How Frontier LLMs Adapt to Neurodivergence Context: A Measurement Framework for Surface vs. Structural Change in System-Prompted Responses
How Frontier LLMs Adapt to Neurodivergence Context: A Measurement Framework for Surface vs. Structural Change in System-Prompted Responses
前沿大语言模型如何适应神经多样性背景:一种针对系统提示响应中表面与结构性变化的评估框架
Abstract: We examine if frontier chat-based large language models (LLMs) adjust their outputs based on neurodivergence (ND) context in system prompts and describe the nature of these adjustments. Specifically, we propose NDBench, a 576-output benchmark involving two frontier models, three system prompt types (baseline, ND-profile assertion, and ND-profile assertion with explicit instructions for adjustments), four canonical ND profiles, and 24 prompts across four categories, one of which involves an adversarial masking strategy.
摘要: 我们研究了前沿聊天大语言模型(LLM)是否会根据系统提示中的神经多样性(ND)背景调整其输出,并描述了这些调整的性质。具体而言,我们提出了 NDBench,这是一个包含 576 个输出的基准测试,涉及两个前沿模型、三种系统提示类型(基准、ND 档案声明、以及带有明确调整指令的 ND 档案声明)、四种典型的 ND 档案,以及涵盖四个类别的 24 个提示,其中一个类别涉及对抗性掩蔽策略。
Four trends emerge consistently from our findings. First, LLMs show significant adaptation under ND context, where fully instructed conditions yield lengthier and more structured outputs, characterized by higher token counts, more headings, and more granular steps (p < 10^-8, Holm-corrected). Second, such adaptation is largely structural in nature: although list density does not change much, there is a marked rise in the frequency of headings and per-step detail.
我们的研究结果一致显示出四个趋势。首先,LLM 在 ND 背景下表现出显著的适应性,在完全指令条件下,模型生成的输出更长且结构更清晰,表现为更高的 Token 数量、更多的标题以及更细致的步骤(p < 10^-8,Holm 校正)。其次,这种适应在本质上主要是结构性的:尽管列表密度变化不大,但标题的频率和每一步的细节都有显著增加。

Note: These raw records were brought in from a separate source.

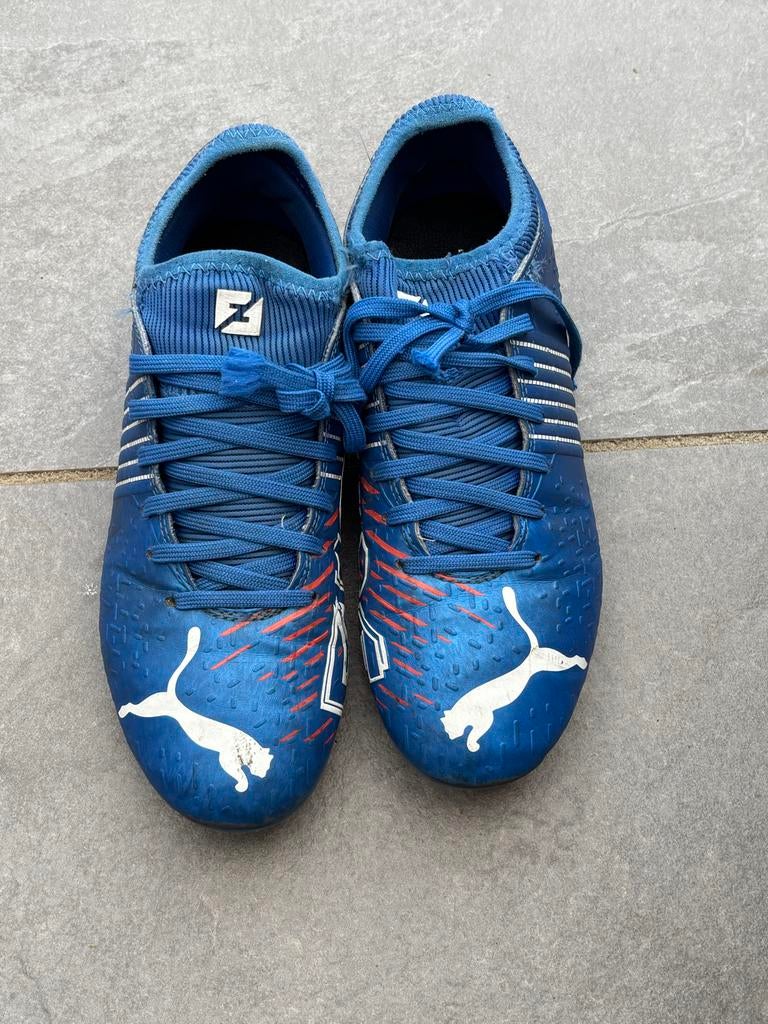 Blauwe Puma Future voetbalschoenen - Maat 37, Ophalen of Verzenden, Gebruikt, Schoenen
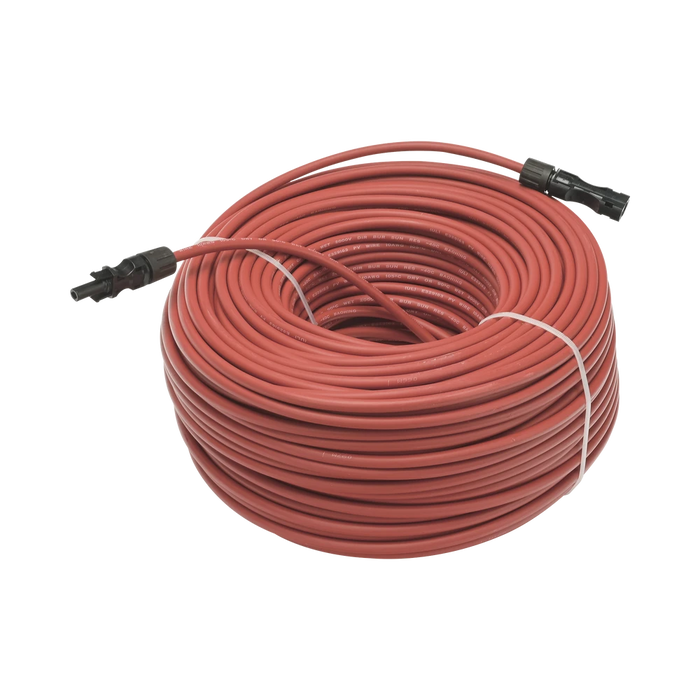 CABLE FOTOVOLTAICO 100 M, ROJO, CALIBRE 10 AWG CON TERMINALES MC4 EN AMBOS EXTREMOS-Accesorios Energía Solar y Eólica-EPCOM POWERLINE-Bsai Seguridad & Controles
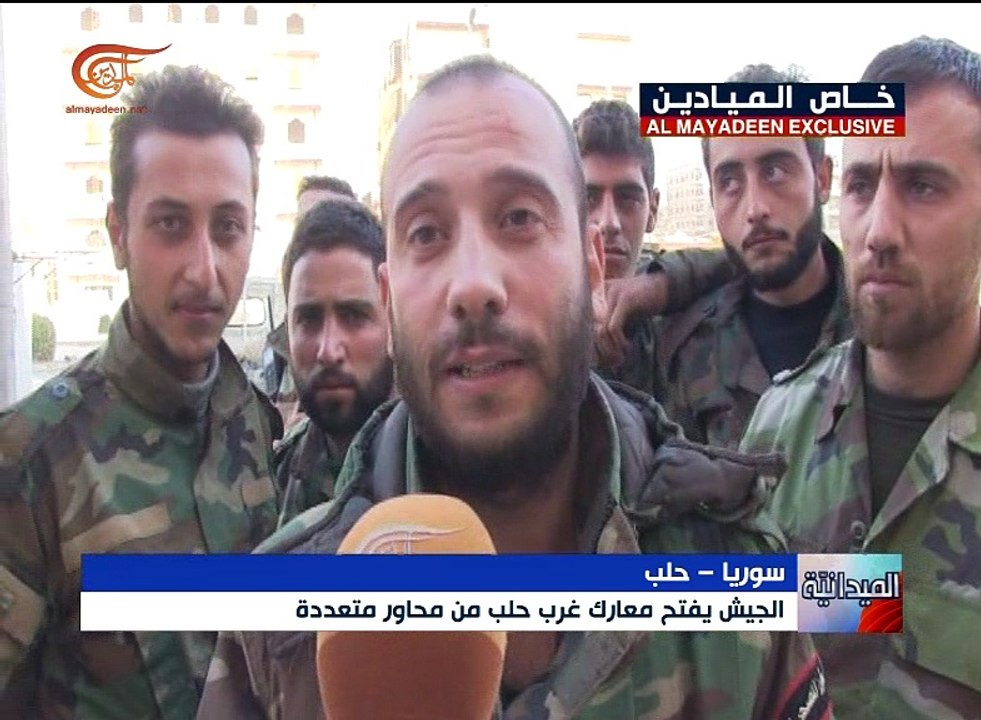 معارك عنيفة على الجبهة الغربية لحلب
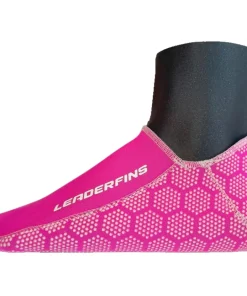 LEADERFINS Chaussettes Pro Pink Short Socks 1.5mm
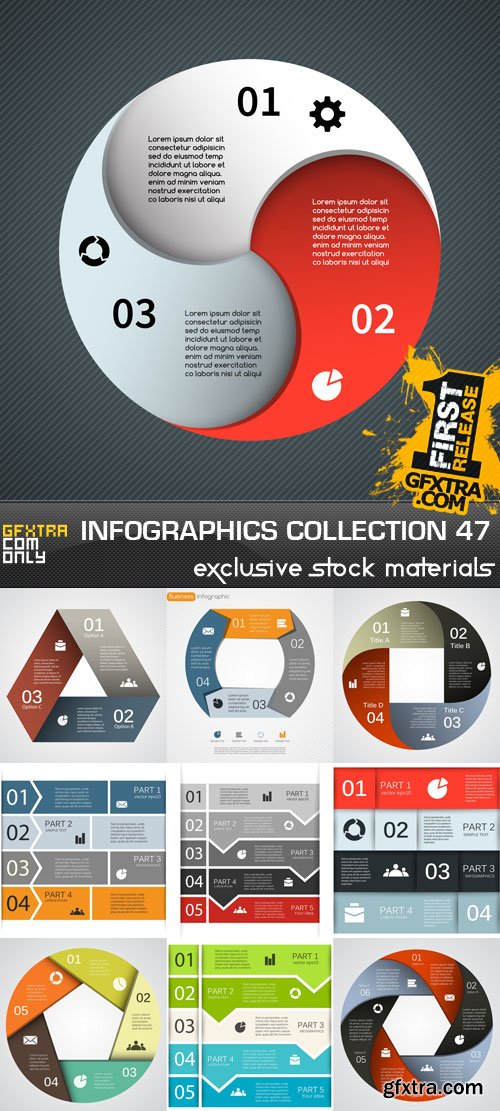 Collection of infographics vol.47, 25xEPS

Third, ND persona assertion alone fails to suppress potentially harmful tendencies, as masking-reinforcement decreases only in explicitly instructed cases (36-44% reduction); the reduction rate barely changes in persona assertion conditions. Moreover, reliability analysis of LLM-based harm assessment reveals that only two out of the six dimensions (masking and reinforcement, validation quality) exceed the pre-defined inter-judge agreement criterion (alpha >= 0.67) and thus can be considered primary results. NDBench is made publicly available along with its prompts, outputs, code, and other resources, forming a reproducible framework for auditing future LLMs’ adaptation to ND awareness.
第三,仅进行 ND 人格声明无法抑制潜在的有害倾向,因为掩蔽强化(masking-reinforcement)仅在有明确指令的情况下有所下降(减少了 36-44%);而在单纯的人格声明条件下,减少率几乎没有变化。此外,基于 LLM 的危害评估的可靠性分析显示,六个维度中只有两个(掩蔽与强化、验证质量)超过了预定义的评判者间一致性标准(alpha >= 0.67),因此可以被视为主要结果。NDBench 及其提示词、输出、代码和其他资源已公开,形成了一个可复现的框架,用于审计未来 LLM 对 ND 意识的适应性。